Thursday, March 6, 2014
GOLDEN: RATIO/RECTANGLE
THE GOLDEN RATIO: The Story of Phi, The World's Most Astonishing Number, by Mario Livio, (Broadway Books, New York: 2002), p.85:
“From never-ending expressions let us turn our attention to the Golden Rectangle [below]. The lengths of the sides of the rectangle are in a Golden Ratio to each other. Suppose we cut off a square from this rectangle (as marked in the figure). We will be left with a smaller rectangle that is also a Golden Rectangle. The dimensions of the 'daughter' rectangle are smaller than those of the 'parent' rectangle by precisely a factor phi. We can now cut a square from the daughter Golden Rectangle and we will be left again with a Golden Rectangle, the dimensions of which are smaller by another factor of phi. Continuing this process ad infinitum, we will produce a smaller and smaller Golden Rectangle (each time with dimensions deflated by a factor of phi).

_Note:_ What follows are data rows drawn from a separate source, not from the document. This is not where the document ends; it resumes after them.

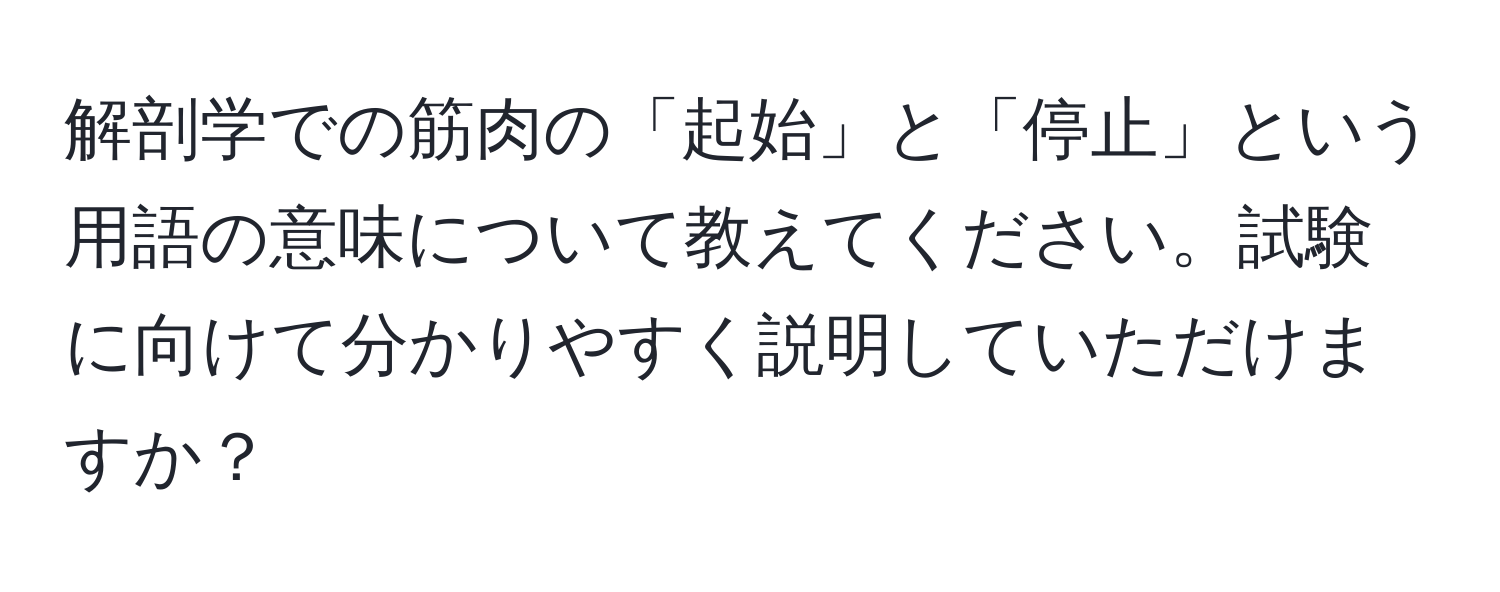 解剖学での筋肉の「起始」と「停止」という用語の意味について教えてください。試験に向けて分かりやすく説明していただけますか？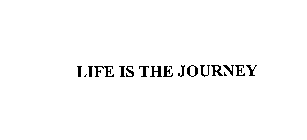 LIFE IS THE JOURNEY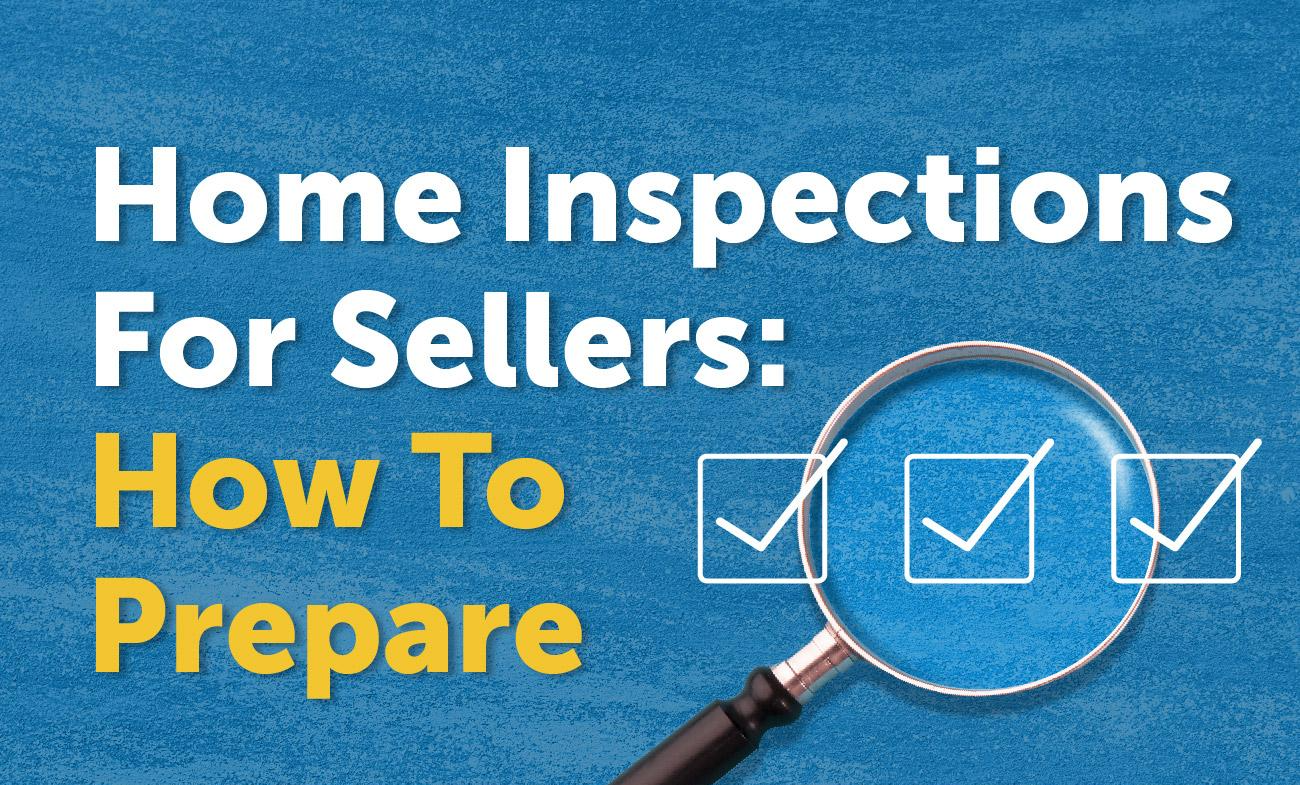 Home Inspections For Sellers: How To Prepare header image.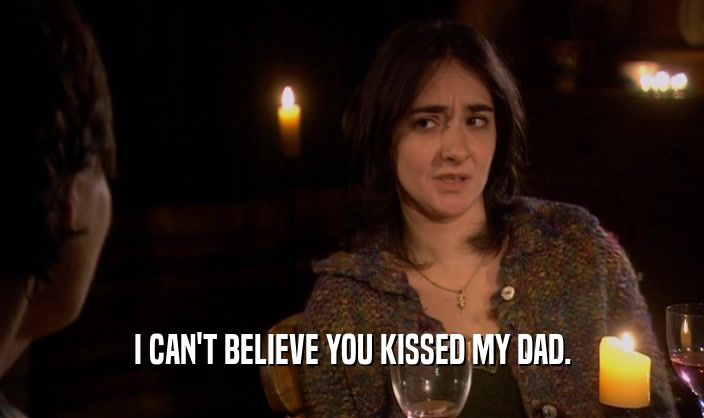 I CAN'T BELIEVE YOU KISSED MY DAD.
  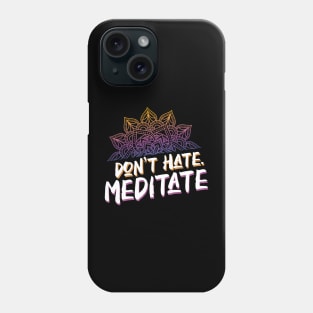 Don't Hate Meditate Vintage Inspired Yoga Lover Phone Case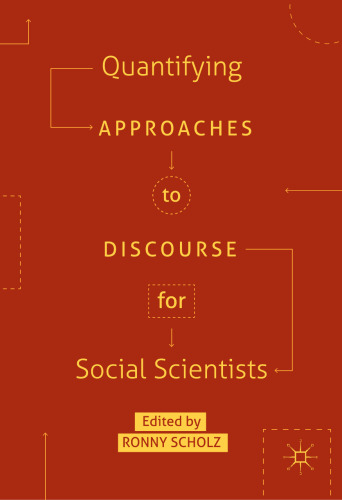 Quantifying Approaches to Discourse for Social Scientists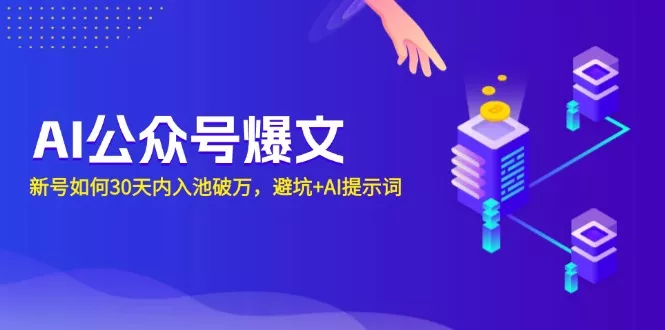 AI公众号爆文：新号如何30天内入池破万，避坑+AI提示词创业-网创-互联网创业-福缘论坛-冒泡网赚-中赚网-短视频等网络赚钱课程-免费分享网络创业项目-聚合知识付费VIP创业课程网创项目孵化中心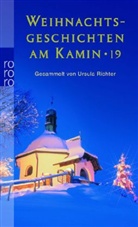 Ursula Richter - Weihnachtsgeschichten am Kamin. Tl.19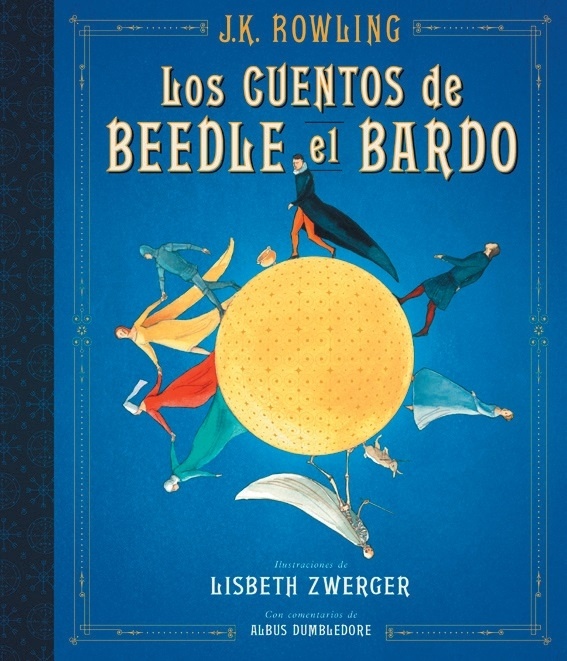 Cuentos de Beedle el Bardo, Los (edición ilustrada). 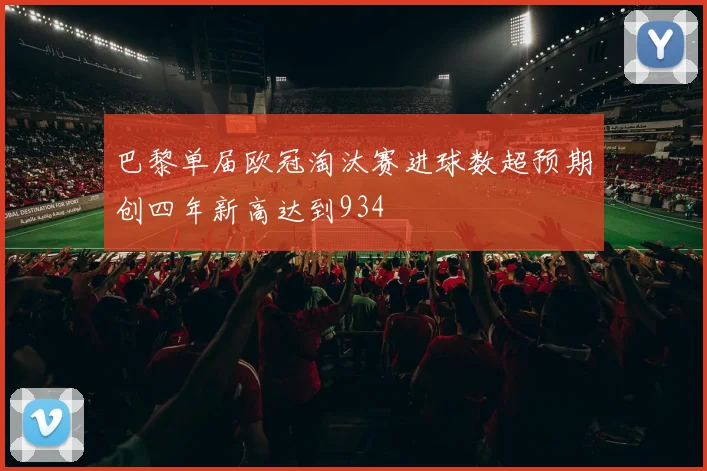 巴黎单届欧冠淘汰赛进球数超预期创四年新高达到934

If we were to examine the ever decreasing (in size) rectangles with a magnifying glass of increasing power, they would all look identical. The Golden Rectangle is the 'only' rectangle with the property that cutting a square produces a similar rectangle. Draw two diagonals of any mother-daughter pair of rectangles in the series, as in [below], and they will intersect all at the same point. Because of the divine properties attributed to the Golden Ratio, mathematician Cifford A. Pickover suggested that we should refer to the point as the “Eye of God.”